There is no pain-free way to do this. Really.

Convert your beautiful TeX to pdf, run pdftotext and then import the plain text into a word processor. Recreate all of the tables and equations by hand. Waste days of your life in order to be "compatible" with chumps who don't care about typography until, finally, you decide to stop working with them. Only then will you find inner peace.

16

My first instinct would probably be oolatex too, or some other technique using TeX4ht, but another method that can also work well is latex2rtf, though I've had the best luck when I tell it it convert formulas, tables, and other complicated stuff to embedded images in the result: obviously, this isn't a great option if the people you're sending them to need to be able to edit those formulas, etc. (But fine if they only need to read and comment.)

frabjous
  • 41,473
15

Several people have mentioned tex4ht but didn't give the command. From my looking around it seems that the command to run is mk4ht oolatex myfile.tex and you should get a .odt file. I tried it on a basic example and it worked great. When I get a chance I will run it on something more complex.

lockstep
  • 250,273
Joel Berger
  • 1,831
  • 1
  • 12
  • 16
  • maybe htlatex myfile.tex? – yo' Aug 29 '12 at 10:17
  • 4
    Just to confirm that in 2015 mk4ht oolatex myfile.tex is still the right command to produce a .odt file openable by LibreOffice. From there you can save as .docx if need be, and the result can be opened in MS Word or Google Docs. Just htlatex myfile.tex produces .html which is useful for other purposes (and can also be imported to MS Word). All this works best if you adhere strictly to "out-of-the-box" LaTeX syntax and use a minimum of packages. – musarithmia Jan 29 '15 at 20:06
12

The best way I know to convert a TeX to an XML application is tex4ht. The project page says it converts TeX to a number of different output formats, including "(X)HTML, MathML, OpenDocument, and DocBook." I believe tex4ht can even convert tikz code to SVG graphics. Word supports OpenDocument, so in theory you could just open up the converted document in Word. I'd expect tables to survive the transition, not so much equations and figures. But MS Word's native format is also an XML application, so you might be able to write an XSLT stylesheet to handle the math and figures.
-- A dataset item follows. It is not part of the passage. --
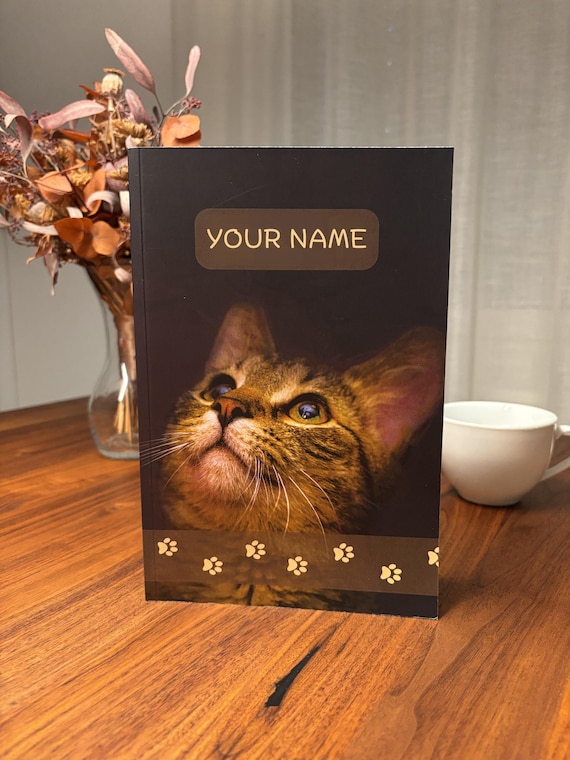 Personalisiertes Softcover Notizbuch 6x9 mit Name | Geschenk Katzenliebhaber Frauen | Blankobuch Katzenmotiv, Leichtes Skizzenbuch unliniert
The need for this kind of tool is evident, and the fact that there's no polished way to do it yet somewhat indicates the complexity of the task. Keep that in mind before you take it up!

Matthew Leingang
  • 44,937
  • 14
  • 131
  • 195
8

Another unlisted solution is the full version of Adobe Acrobat.
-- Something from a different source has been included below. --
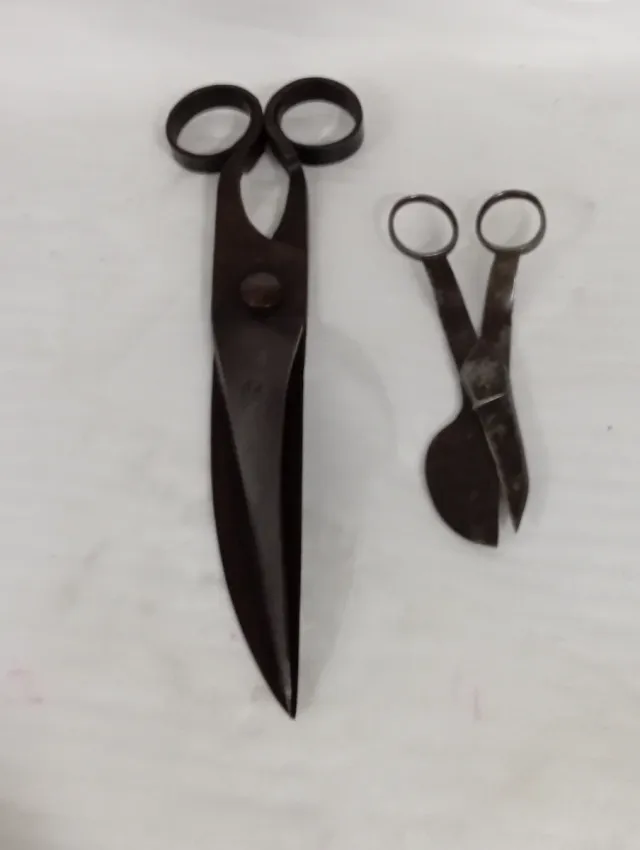 Vecchie forbici in metallo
I tried the majority of the solutions listed here, which all failed pretty miserably.

Adobe successfully converted nearly everything perfectly, including:

  • most equations
  • almost all formatting
  • images/generated figures
enderland
  • 1,644
7

If all else fails (it did for me), Word 2016 can open pdfs directly. It does a decent job of converting them (I was surprised!), although equations are often converted into images.

onewhaleid
  • 1,257
6

If you are not forced to stick to a certain format pick your weapon of choice -- tex4ht (you can just use oolatex) , tth, latex2html etc -- and prepare a document style that converts well with that. I do this all the time for simple reports and such that I need to share with people who like using MS-Word etc to edit them. If you spend a bit of time to taylor it for the conversion, you can get consistently good results.
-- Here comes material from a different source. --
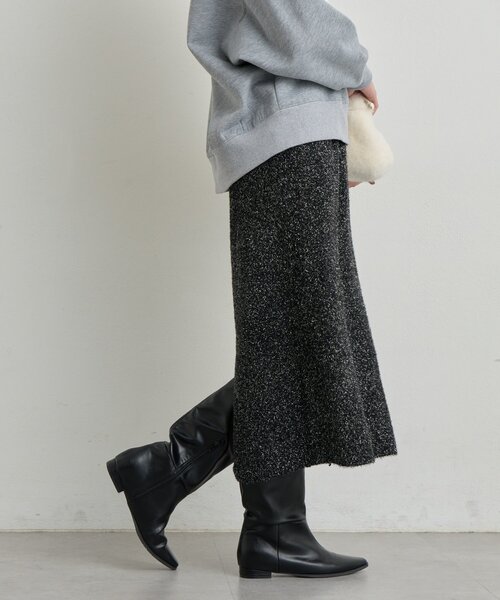 un dix cors（アンディコール）の「《華やぎをプラス》フィルムラメニットタイトスカート（スカート・レディース・チャコールグレー/ブラック・FREE）」の2枚目の写真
If you have requirements to stick a certain format, for example for a grant proposal etc, you can get by picking up a style that has more or less the right format but with minimal extras to generate the text then use MS-Word or OpenOffice to fix it up.

user1375
  • 111
6

All answers above suggested to use some converter from tex/pdf file to the wanted file format, that is why I try to give an n-th proposal. I think this approach is quite insane in this situation, as native solutions also exist - as the OP also mentioned.

As you generate the reports from R, it might be the less painful to rewrite some function you use in the reporting process and update those to be able to run in odfWeave. Well, it will generate an odt file from an odt one, so not a native Word format, but it is compatible with Ms Office also from the 2007 version (SP2).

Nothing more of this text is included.